In Dublin's Fair City (Molly Murphy Mysteries, #6)

So little to go on: her approximate age and the place where she was born. And all of this happened over fifty years ago. Now that I was here, I had to admit that my chances of finding what happened to her were indeed slim.

Around me the other passengers chatted on in their lilting Cork accent, regarding me, the outsider with the fancy clothing, with obvious interest and suspicion as they passed along juicy pieces of gossip. It was hard to remember that I had lived such a life myself once. They did inquire of my destination, and when I told them the name of the hamlet beyond Clonakilty, they instructed me where I should change trains.

“Are you going to the seashore for your health, miss?” another asked. “I can’t think of any good boardinghouses in that area. You’d do better to go to somewhere fashionable like Bantry where I understand they have lovely hotels.”

“Actually, I’m looking for someone,” I said. “I’ve come over from America.”

This news caused quite a stir and almost everyone present in the carriage chimed in, asking if I knew relatives or acquaintances who had also gone to the New World. When at last I could get a word in edgewise, I told them I was trying to trace a relative who had been left behind when the family sailed in a famine ship. “Her name was Burke, Mary Ann Burke.”

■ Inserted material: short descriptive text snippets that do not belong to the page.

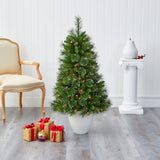 50” Golden Tip Washington Pine Artificial Christmas Tree with 100 Clear Lights, Pine Cones and 336 Bendable Branches in White Planter by Nearly Natural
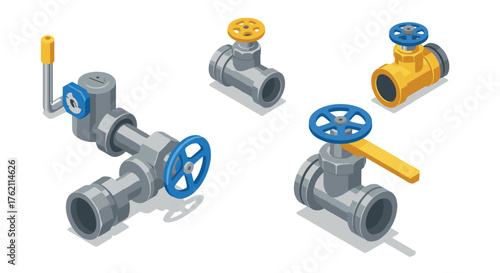 Industrial pipeline components in isometric view with valves and handles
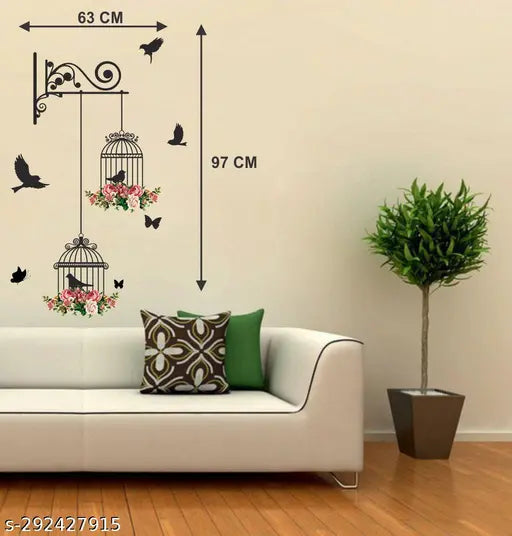 Trendy Set of 4 Wall Stickers Branches and Cages Love Birds With Hearts magical tree Red flower with lantern Self Adhesive Vinyl Waterproof Decals for Home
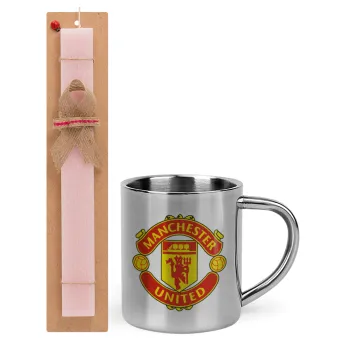 Manchester United F.C., Easter Set, metallic thermal cup (300ml) & aromatic flat Easter candle (30cm) (PINK)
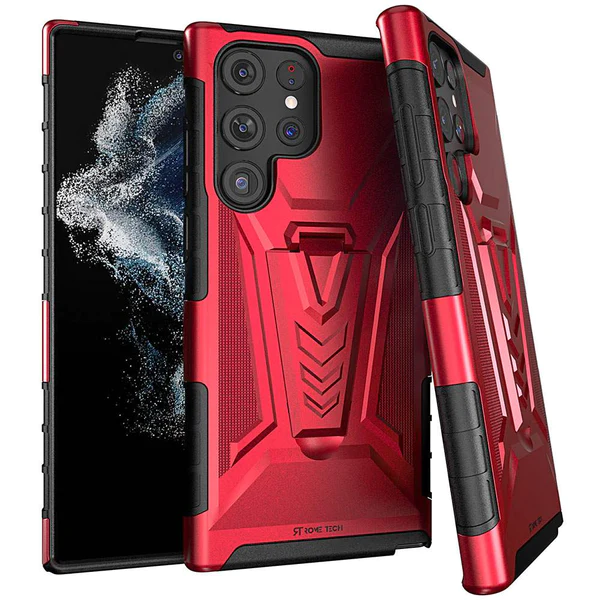 Dual Layer Holster Case for Samsung Galaxy S22 Ultra Rome Tech Red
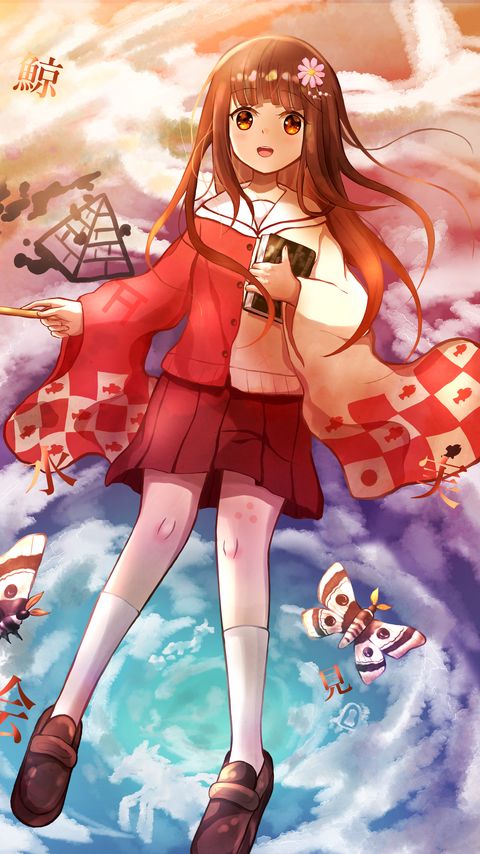 Download wallpaper 2160x3840 girl, brush, artist, clouds, dream, anime samsung galaxy s4, s5, note, sony xperia z, z1, z2, z3, htc one, lenovo vibe hd background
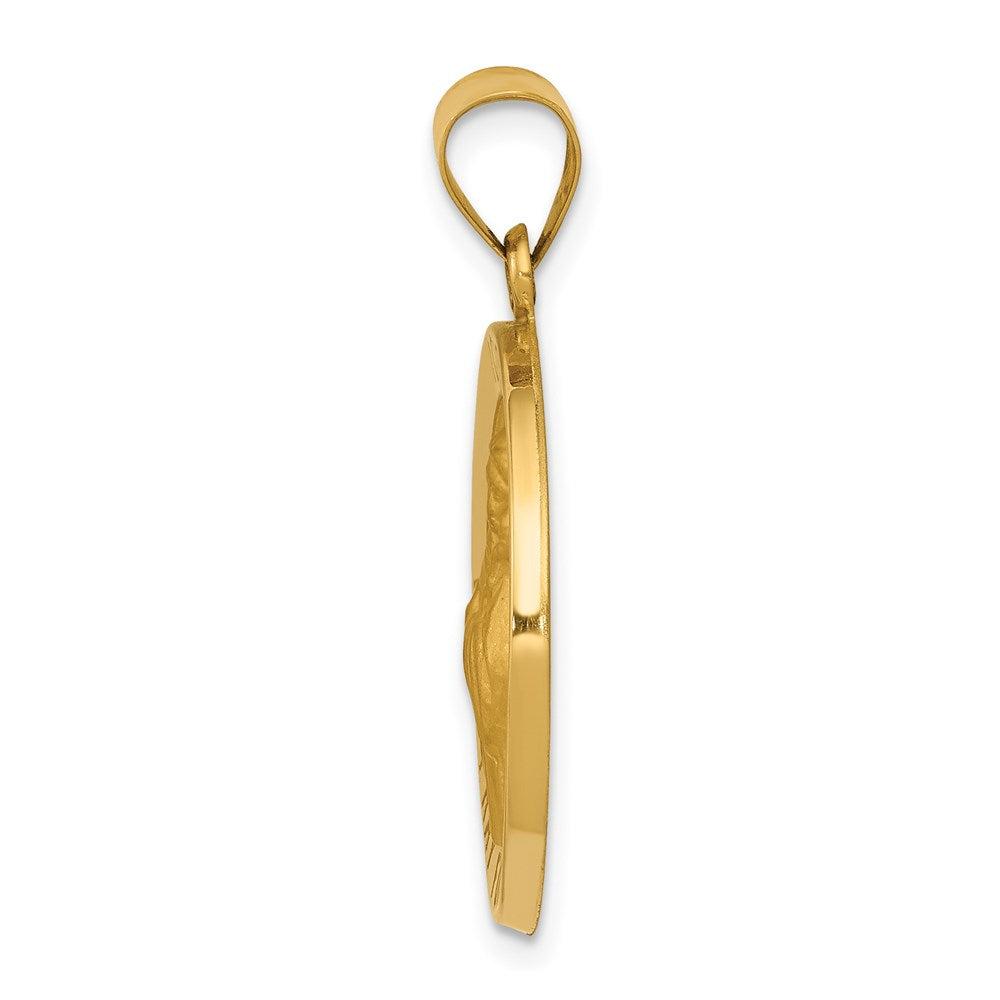 Diamond2Deal 14k Yellow Gold Polished and Satin St Francis of Assisi Medal Hollow Pendant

They debated among themselves as to Burkes that they knew or had known, but most of them weren’t from around Clonakilty. When we reached the junction, they put me off the train as if I was a two-yearold simpleton,- and in fact one of them, also bound for Clonakilty, led me like an errant child across to the train waiting on the other side of the platform. During the next portion of the ride, I asked about how to get to a hamlet called Ardfield.

“It's a goodish walk if you’re not used to it,” one of my fellow passengers said, and I realized suddenly that I was no longer one of them. My clothing, my manner, were now that of a stylish lady, not an Irish peasant. I have to say it did give me a little thrill of pleasure.

Again I explained my mission. Again met with blank stares. Nobody had heard the story of the abandoned baby.

“Likely enough she’d have wound up in the workhouse,” one of them said. “That's where most poor wretches wound up in those days. And not many got out alive.”

With that depressing news we pulled into Clonakilty station. They set me in the right direction, and I came out to a bustling market square with the market in full swing. I pushed my way between the stalls, bought an apple from a child whose own cheeks were as rosy as his wares, and set off along the road munching it. On one side of the square there was a fine church with a spire. I was tempted to go right away to talk to the priests, but I had resolved to start at the Burke's croft and work my way back.

The town was soon left behind. It was a crisp but chilly day, perfect for walking, and I strode out, remembering how I had walked for miles in my youth with my hair blowing free behind me and usually no shoes on my feet. My current costume prevented me from taking more than dainty steps and the shoes pinched at my toes, but I hitched up the skirts as high as I dared and became less dainty after a few yards. I passed people along the road and asked each of them about the Burkes with no success, until at last I came to an old man, sitting outside his cottage door. He vaguely remembered a family called Burke, but couldn’t remember a baby called Mary Ann.

“Is there anyone you know around here who is old enough to remember the famine, besides yourself?”

He thought for a moment then spat down into the dust. “Paddy O’Reilly,” he said. “He lives out that way, if he's still alive. Haven’t seen him recently, but then he's got a gammy leg. Doesn’t get about much any more.”